With the death of entertainer Eartha Kitt came descriptions of her laced with words like of sultry, feline, animalistic, exotic and other adjectives that focused on her physical attributes and her ability to attract men. There were accounts of how a woman rejected by her mother and born out of a rape in the south managed to attain fame and fortune.

Her death also revived how she shook up American society, not with a slit dress, but with bold words about the Vietnam War spoken during a 1960s White House luncheon with Lady Bird Johnson, the president’s wife. Ms. Kitt told the group, “You send the best of this country off to be shot and maimed. They rebel in the street.
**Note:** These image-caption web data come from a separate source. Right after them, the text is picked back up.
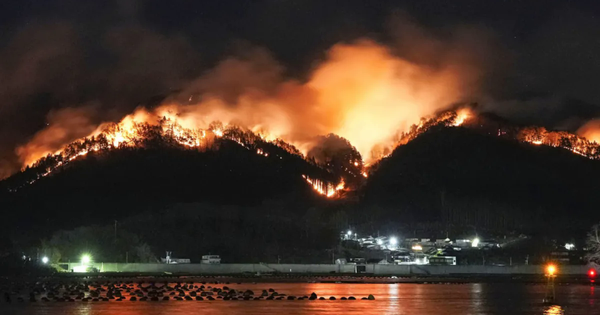 Đám cháy rừng tồi tệ nhất trong nửa thế kỷ ở Nhật Bản lan rộng avatar1741078088936 1741078089275933282558png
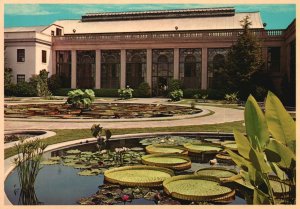 Postcard Longwood Gardens Large Leaved Waterlilies Kennett Square Pennsylvania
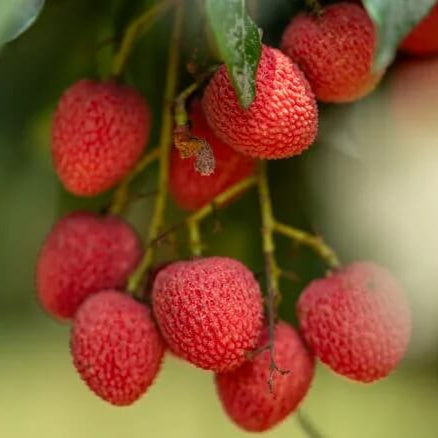 Red Lychee Seeds 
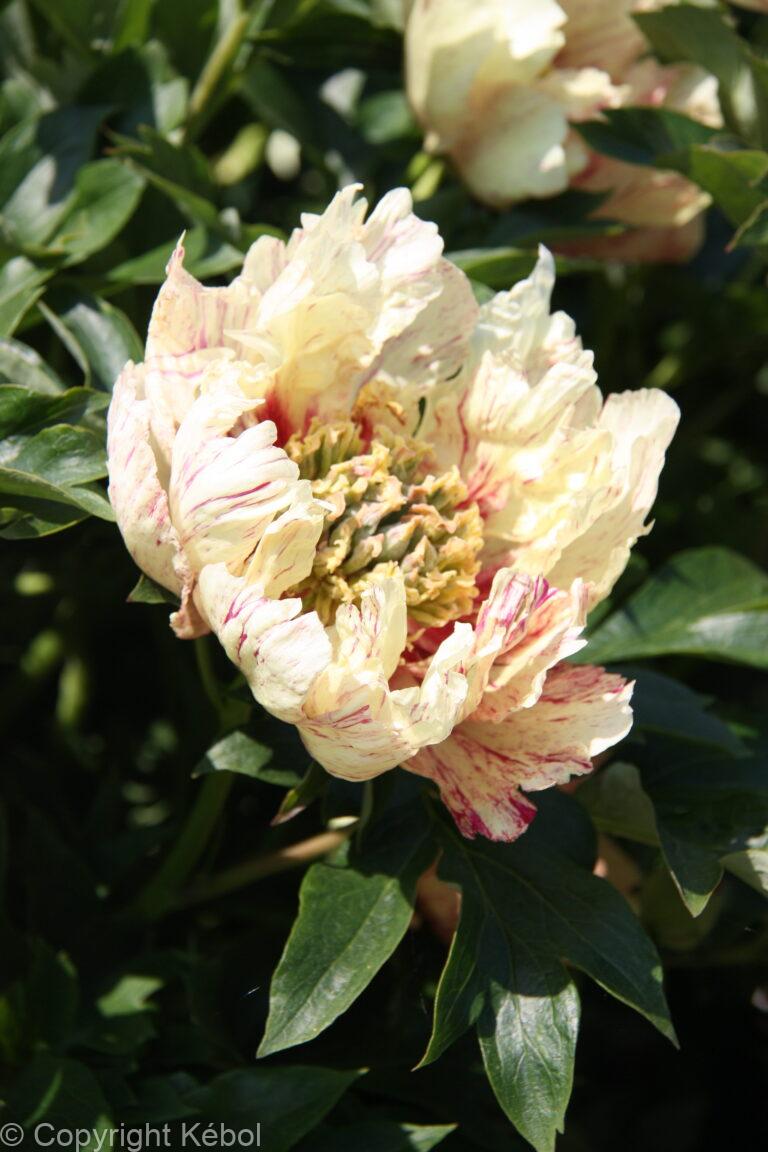 Paeonia Lollipop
They don’t want to go to school because they’re going to be snatched off from their mothers to be shot in Vietnam.”

Speaking the truth cost the girl from South Carolina, she was blacklisted in America and forced to work outside of the United States. She was also investigated by the FBI and CIA and it would not be unreasonable to think that there were attempts to besmirch her name and character.


“ ‘The thing that hurts, that became anger, was when I realized that if you tell the truth–in a country that says you’re entitled to tell the truth–you get your face slapped and you get put out of work,’ Ms. Kitt told a magazine two decades later,” reported the Associated Press.
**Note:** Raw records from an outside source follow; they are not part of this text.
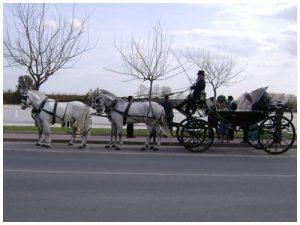 Alquiler coches de caballo Sevilla. CARRUAJES TRONCOSO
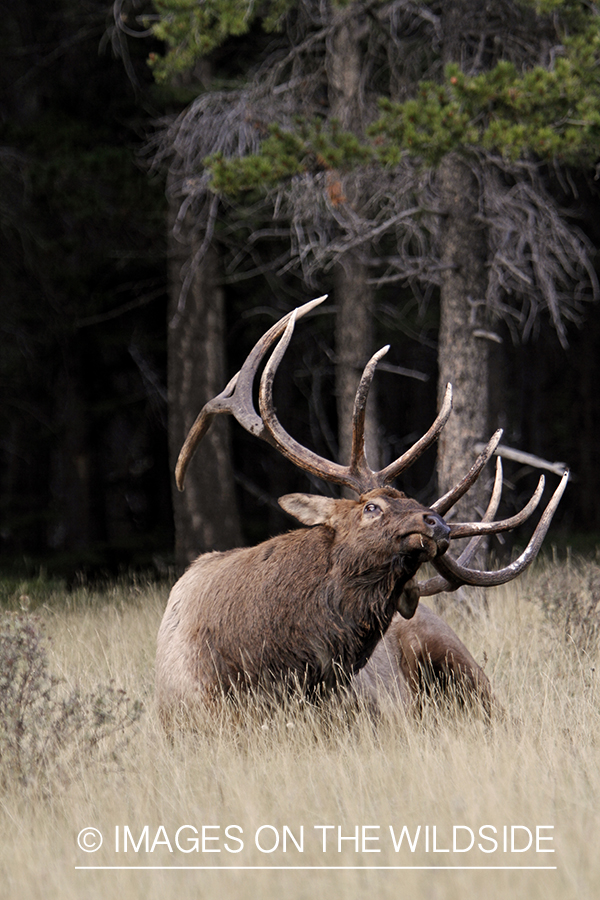 Rocky Mountain Bull Elk scratching rear end with antler.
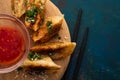 Fried Chinese dumpling called Gyoza, kind of asian food Royalty Free Stock Photo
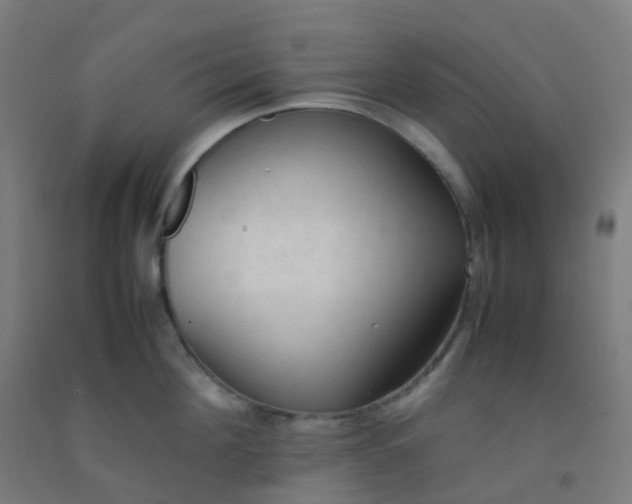 X0000092330908200709281424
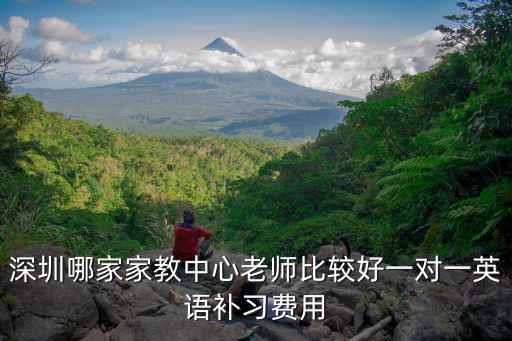 深圳哪家家教中心老師比較好一對一英語補習(xí)費用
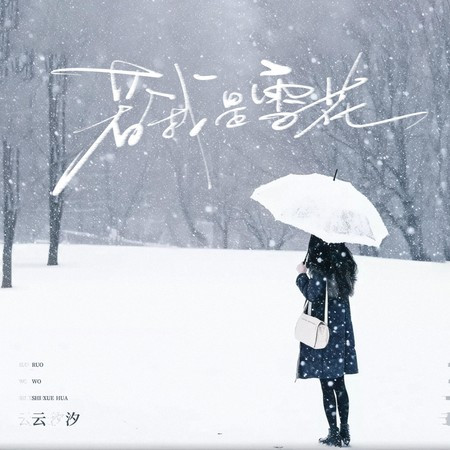 若我是雪花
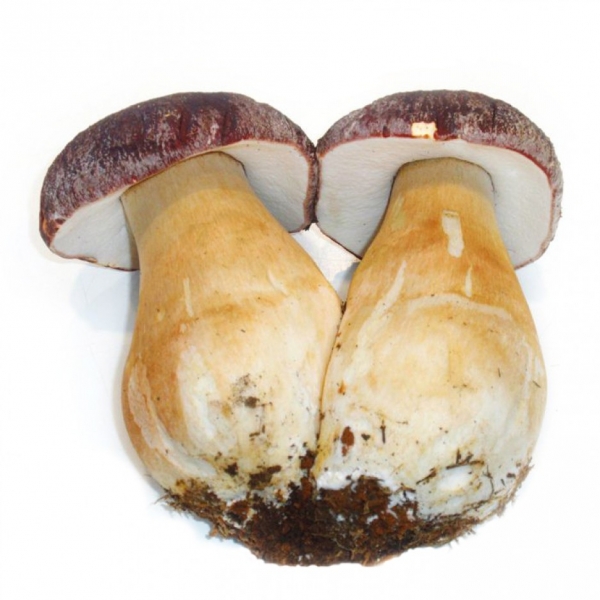 Boletus fresco extra 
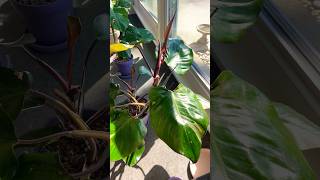 Philodendron white knight growth 🪴🤩 indoorplants houseplants philodendron [upl. by Ttenneb980]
But Ms. Kitt was not the only Black entertainer targeted by the FBI or mentioned, or cross-referenced in files related to federal investigations. A quick review of the index of the FBI Electronic Reading Room turned up names like opera singer Marion Anderson, author James Baldwin, musician Cab Calloway, actress Dorothy Dandridge, entertainer Sammy Davis, Jr., blues great Billie Holiday and jazz musicians Charles Mingus and Thelonious Monk and the late rapper Tupac Shakur.
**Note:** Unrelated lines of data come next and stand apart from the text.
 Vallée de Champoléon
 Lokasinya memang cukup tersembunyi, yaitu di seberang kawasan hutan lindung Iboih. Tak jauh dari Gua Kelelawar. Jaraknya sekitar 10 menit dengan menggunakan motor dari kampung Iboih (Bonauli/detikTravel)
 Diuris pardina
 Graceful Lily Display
It is stunning that in a society where freedom of speech and political expression are often bandied about, the ugly underside, and often hidden truth, of American history is that speaking the truth to power comes with a heavy price. For entertainers, there is broad acceptance of action, activity, thought and advocacy that does not challenge or even point out wrongs in the society. There is plenty of tolerance for the lewd and the crude, but urging a nation to correct an errant course is hardly, if ever, welcomed.